« Épisode de fortes chaleurs, remarquable et inédit », températures « extrêmes » : en prison, le thermomètre a explosé cet été, aggravant considérablement les conditions déjà indignes dans lesquelles sont enfermées les personnes détenues.
Les vagues de chaleur qui ont marqué cet été, le quatrième le plus chaud depuis 1900, ont rendu invivable le quotidien derrière les barreaux. Une situation exacerbée par le nouveau record de surpopulation atteint au 1er juillet : 74 513 personnes étaient incarcérées, et plus de la moitié s’entassait dans des maisons d’arrêt où le taux d’occupation moyen dépassait 146 %. 2 478 d’entre elles étaient contraintes de dormir sur un matelas à même le sol. « On est à trois dans une cellule de 10m2 où il fait 40°C », rapportait l’une d’elles fin août à la permanence de l’OIP.
Chaleur et vétusté, un cocktail détonant
Dans certains centres pénitentiaires, des surveillants confirmaient des températures exceptionnelles. À la prison d’Aix-Luynes, ils enregistraient jusqu’à 50°C fin juin et faisaient état de vomissements et de malaises[1]. « Rien que ce matin, il y a eu trois malaises à notre étage, alertait en août une personne détenue. Dans la cellule, le frigo est cassé. Ils refusent de le changer et nous ont dit de le remettre en route. Mais quand on a essayé, il a failli prendre feu. » Car, outre la surpopulation, la vétusté de nombreux établissements pénitentiaires accentue l’effet des fortes chaleurs : murs épais, caillebotis aux fenêtres, ventilation impossible, cours de promenade bétonnées et dépourvues d’ombre… « La nuit dans la cellule, ça peut monter jusqu’à 32°C. Les fenêtres étant à plus de deux mètres du sol, aucune aération n’est possible », rapportait à l’OIP une personne incarcérée en maison centrale. Fin août, la Contrôleure générale des lieux de privation de liberté témoignait à son tour : « Dans certaines prisons que j’ai visitées, on avait l’impression que le sol de la cour de promenade était sur le point de bouillir… »
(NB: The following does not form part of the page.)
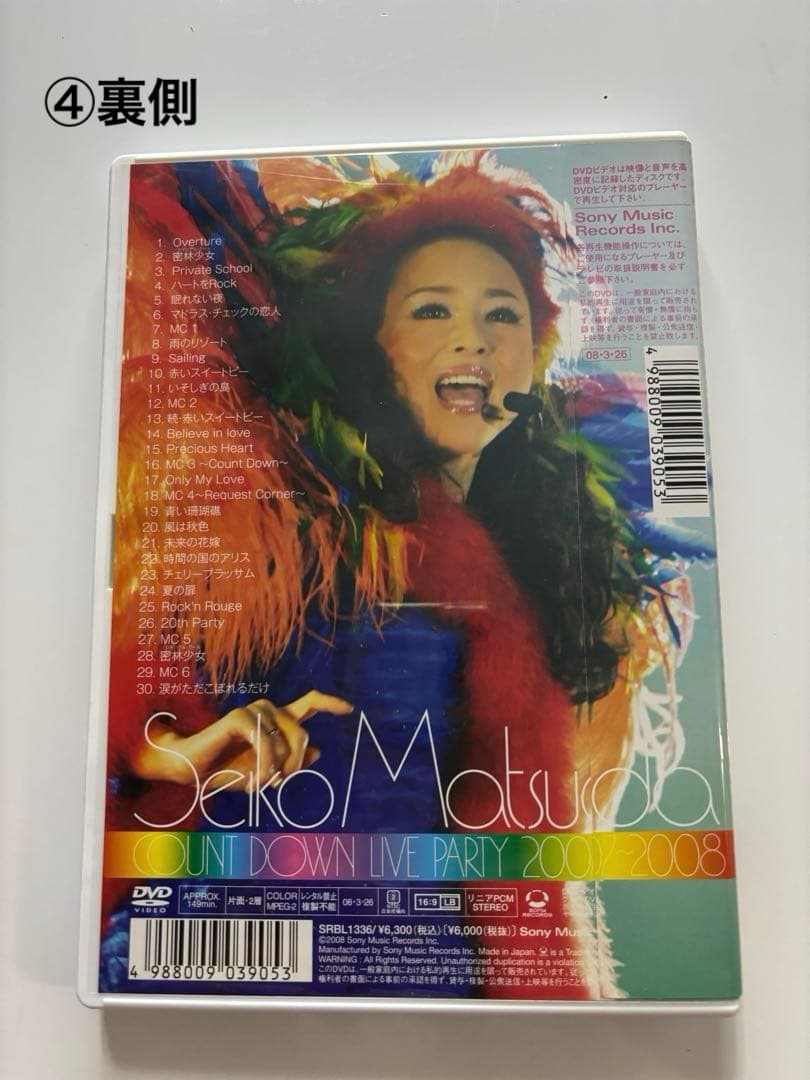 匿名送料込 松田聖子カウントダウンコンサートDVD8組（バラ売りも可）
Des recommandations largement ignorées
La Direction de l’administration pénitentiaire a édicté une note dédiée mi-juin et assuré qu’une prise en charge renforcée des publics fragiles ou vulnérables était mise en œuvre. Mais force est de constater que la situation est restée dramatique pour de nombreuses personnes détenues. Et pour cause, la note se contentait de lister des recommandations applicables « en fonction de la configuration des locaux », « lorsque cela est possible ». Les témoignages reçus par l’OIP soulignent leur application hasardeuse : bouteilles d’eau interdites en cours de promenade, douches quotidiennes refusées, commandes de ventilateurs mettant des semaines à être livrées…
Face à l’absence de mesures adaptées, des avocats ont déposé de concert plus de 140 requêtes pour conditions de détention indignes, mi-août, au nom de personnes incarcérées en Occitanie dans l’attente de leur procès. Tant que les autorités ne prendront pas sérieusement la mesure de la surpopulation carcérale et de la vétusté des prisons, la France continuera d’être condamnée par les tribunaux nationaux[2] et la justice européenne[3]. Les personnes détenues, quant à elles, resteront condamnées à subir les effets démultipliés des intempéries : canicule en été, froid glacial en hiver.
Par Prune Missoffe
[1] « Canicule : incidents, violences, malaises… Les fortes chaleurs aggravent les conditions de vie en prison, racontent des surveillants », France Info, 19 juillet 2023.
[2] « La Justice confirme les conditions indignes de détention à la prison de Perpignan mais refuse de suspendre les incarcérations », OIP, 23 août 2023.
[3] « Surpopulation carcérale et conditions de détention indignes : la France à nouveau condamnée par la CEDH », OIP, 6 juillet 2023.